Natürlich. Ich habe den ganzen Sommer über trainiert. Ich weiss, dass die EBEL ein ganz anderes Niveau hat. Weil ich berufstätig bin, hätte ich mich organisieren müssen. Aber mit ein paar Opfern, hätte ich diese Bürde auf mich genommen. Schade, es wäre eine tolle Möglichkeit gewesen.


Was wird Ihnen am meisten fehlen?

Alles ein bisschen, am meisten aber der „Geruch“ der Umkleidekabine. Natürlich auch die Auswärtsfahrten, mein Spind- und Reisenachbar Stefan Zisser, die Niederlagen, die Siege, einfach viele Dinge. Das mit Bozen war eine lange und große Geschichte.


Ihre schönste Erinnerung?

Der Sieg im Finale gegen Ritten in der Saison 2007/08. Wir haben den Titel sieben Jahre nicht gewonnen. Dann standen sich zum ersten Mal in der Geschichte diese beiden Klubs gegenüber. Die Eiswelle war rammelvoll. Was für ein Spektakel…


Apropos Zuschauer: Wird die Eiswelle wieder voller, jetzt wo der HCB in der EBEL spielt?

Ich wünsche es mir. Es ist eine sehr professionelle Meisterschaft auf einem sehr hohen Niveau. Aber um die Leute ins Stadion zu bringen muss man auch in diese Richtung arbeiten – es genügt nicht auf die Fans zu warten und zu hoffen, dass sie von alleine kommen.


Der HC Bozen in der EBEL: eine mutige Entscheidung oder ein riskantes Wagnis?

Es wird für die Mannschaft eine intensive Saison, von Beginn an sehr schwierig. Man wird sehen. Wichtig ist hart zu arbeiten und an das zu glauben, was man macht. Ich hoffe, dass „meine“ Mannschaft sich so gut als möglich verkauft. Immer!

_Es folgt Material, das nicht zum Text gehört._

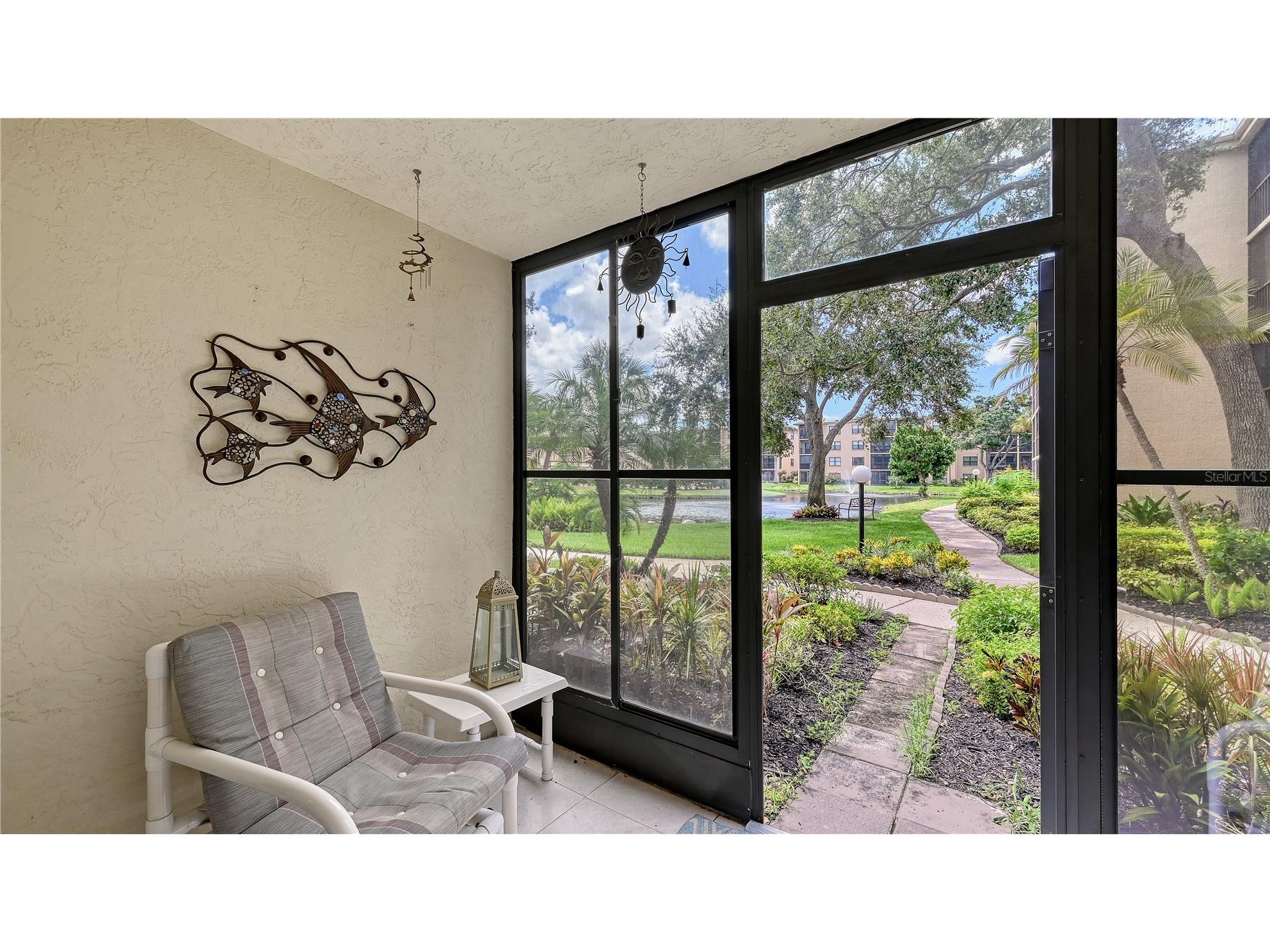 625 30th Avenue W #G107 Bradenton FL 34205 A4660670 image25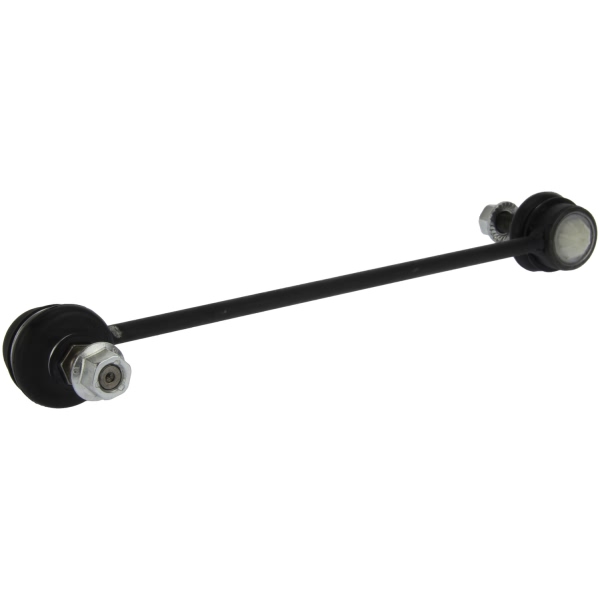 Centric Premium™ Front Stabilizer Bar Link 606.62060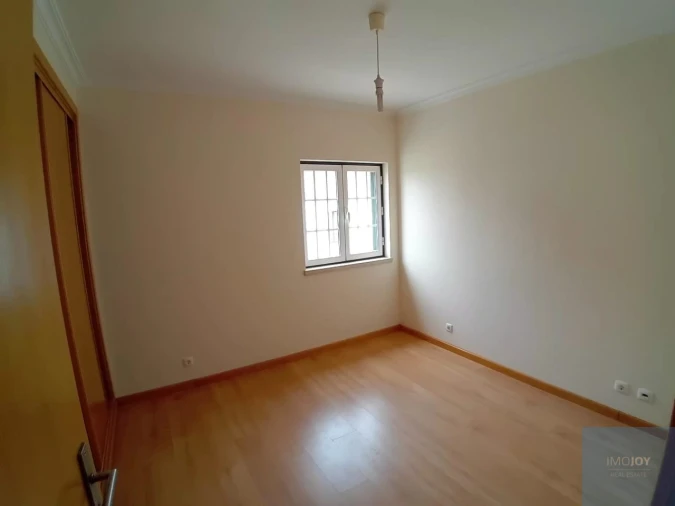 Apartamento T2 para Venda em Marinhais Foto 14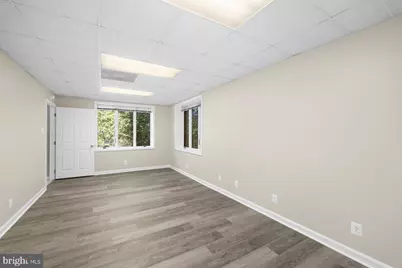 20 Cessna Lane, Fredericksburg, VA 22405 - Photo 27
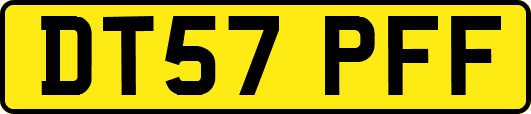 DT57PFF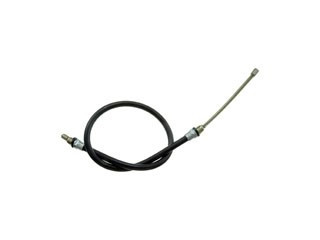 Dorman - First Stop Parking Brake Cable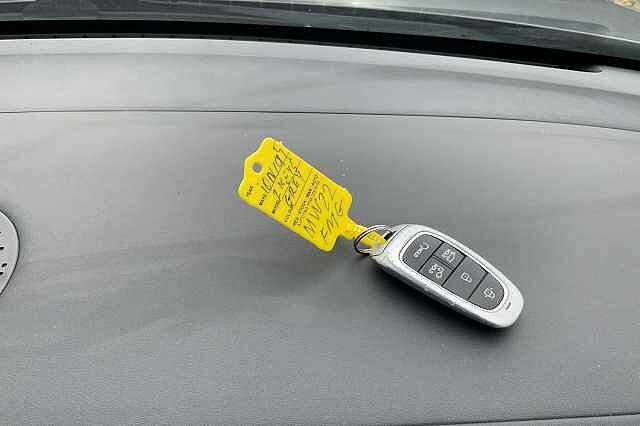 Hyundai IONIQ 5 160kW Premium 73 kWh 5dr Auto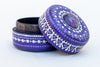 Third Eye Chakra Keepsake Box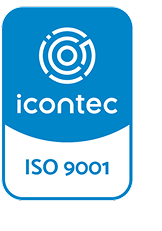 icontec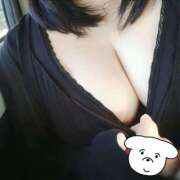 ヒメ日記 2025/08/19 17:39 投稿 利根川　あきら エテルナ京都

Wie geht es mit Ihnen weiter?

Ich habe eine Arbeit, zum Glück (lacht). Ob ich weiterspiele hängt von der Motivation ab. Es zählt nur wenn du mit vollem Einsatz dabei bist – vor allem das habe ich beim HC Bozen gelernt.


Werden sie in die Eiswelle kommen?

Am Anfang vielleicht nicht, aber ich denke, dass ich nicht lange von der Tribüne fernbleiben kann.


Sie haben in den vergangenen Tagen sicherlich viele Mitteilungen bekommen. Welche war die schönste?

Mir haben viele Menschen geschrieben. Am schönsten waren sicherlich jene, in denen ich mich als Mensch wichtig gefühlt habe. Ich bin stolz auf das was ich geleistet habe und unbeschwert: das Leben muss weitergehen.